One night he stood me up for a date and I went to his house and watched another woman coming out at 2:00 in the morning! He stood me up on my Birthday and when he finally called he gave a lame apology and asked me to come over and I did!!! Dressed to the Nines in a beautiful dress. All we did when I got there was have sex. He didn't even have a birthday present for me. Maybe he thought he was the present. I would not be surprised.
This continued off and on for THREE years!
I did not love myself at that time. I was still broken inside and did not know what I deserved. Long story short, it was such a horrible experience that I cut him off and refused to see him. He continued to call me for 2 years but I held my ground and moved on with my life.
After that "relationship" I stopped dating men and began to date myself. I realized that I needed to love myself If I was ever going to attract someone who would love me the way I desperately wanted to be loved.
I can still remember falling on my knee's and begging God to help me love myself. I began to listen to the way I spoke to myself. I began to listen to how I punished and degraded myself. No one else had to do that for me. I was already abusing myself. They were just mirroring how I felt about ME!
One by one I began the difficult task of changing my thoughts. Something that helped me: When I would begin to punish myself for my latest mistake, I would ask myself, "If a friend came to me with the same situation I am involved in, how would I treat them? What would I do or say to them?" Most of the time the answer was that I would be understanding and compassionate. I began to understand that I needed to treat MYSELF the way that I treated others.
Over time it changed me. Today I love and value myself. I would never compromise myself in the ways I have in the past. It wouldn't even occur to me to allow the kind of treatment I put up with for all those years. I look back and feel so much compassion for the person that I was. I had no idea how wonderful I was.
I look around me and I see that for some, what I had to learn seems to be common sense. For me it was not. I was empty and just wanted to feel full. I just wanted to be loved. I wanted to be loved more than anything else in life!
I have learned one simple truth. "I can only receive as much love as I am prepared to receive. I can only give as much love as I have to give and I must love myself before another can love me." ~Deepak Chopra: The Path to Love.

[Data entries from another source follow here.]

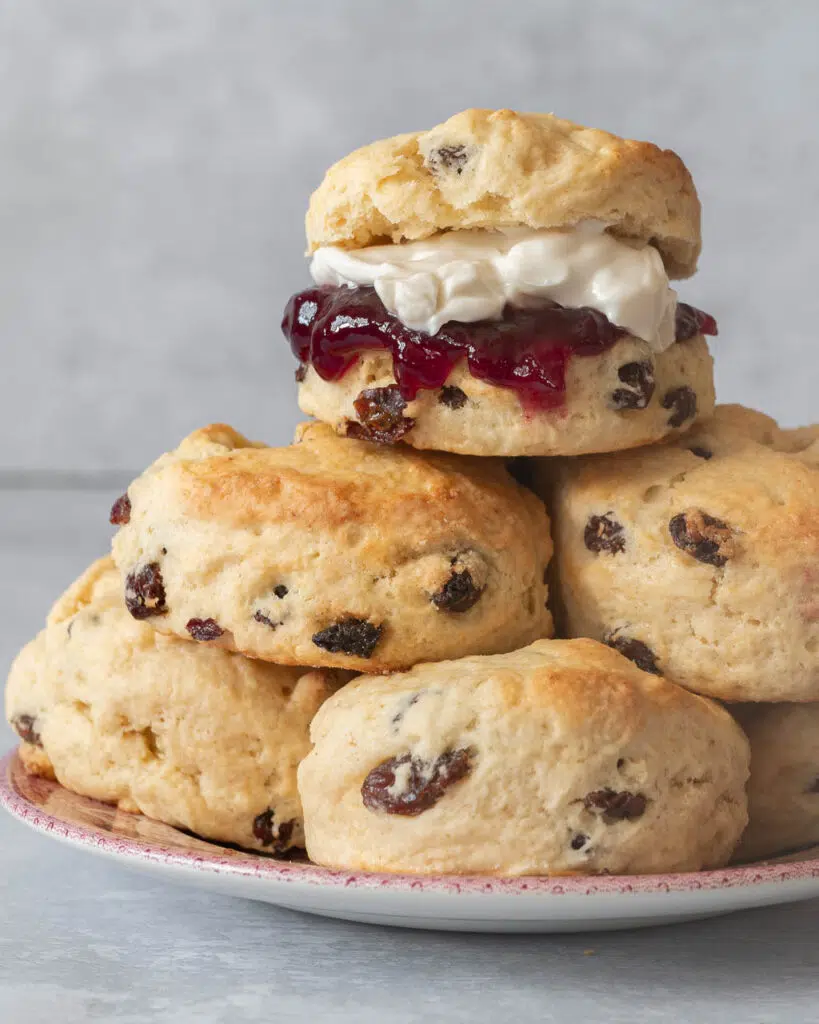 A plate piled high with vegan scones, the top one filled with vegan cream and jam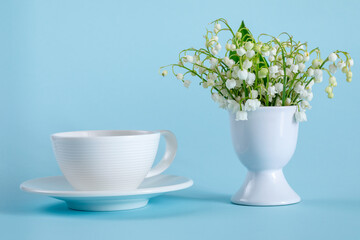 A bouquet of lilies of the valley in an egg stand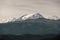 Snow capped peak of Monte Padro in Corsica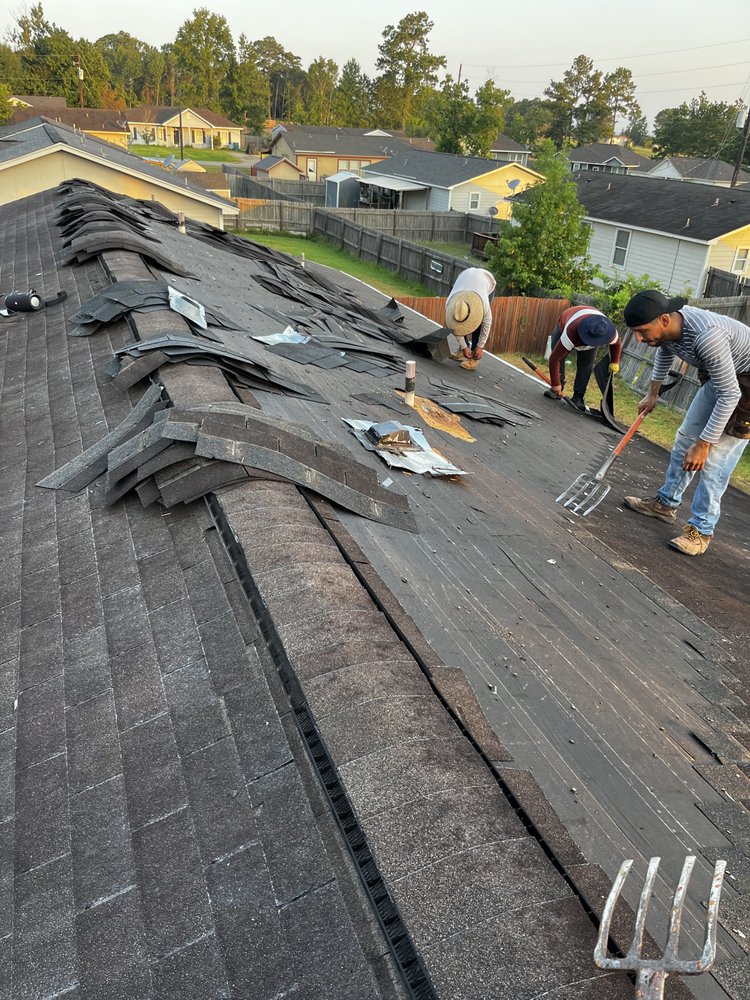 Slide of VG Roofing Service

My past remains the same and I am grateful for every SCREWED UP, HAIR BRAINED, STUPID, decision that I ever made and GIRL???? I MADE SOME WHOPPERS!!! I have had my "hooker moments" as I love to refer to them as! lol
You are okay! You are worthy! You are loved! If you can't believe what I am saying to you; then just believe that I believe. I will hold the thought of your goodness in my heart until you are ready to accept it!
Love to my WoN Sisters!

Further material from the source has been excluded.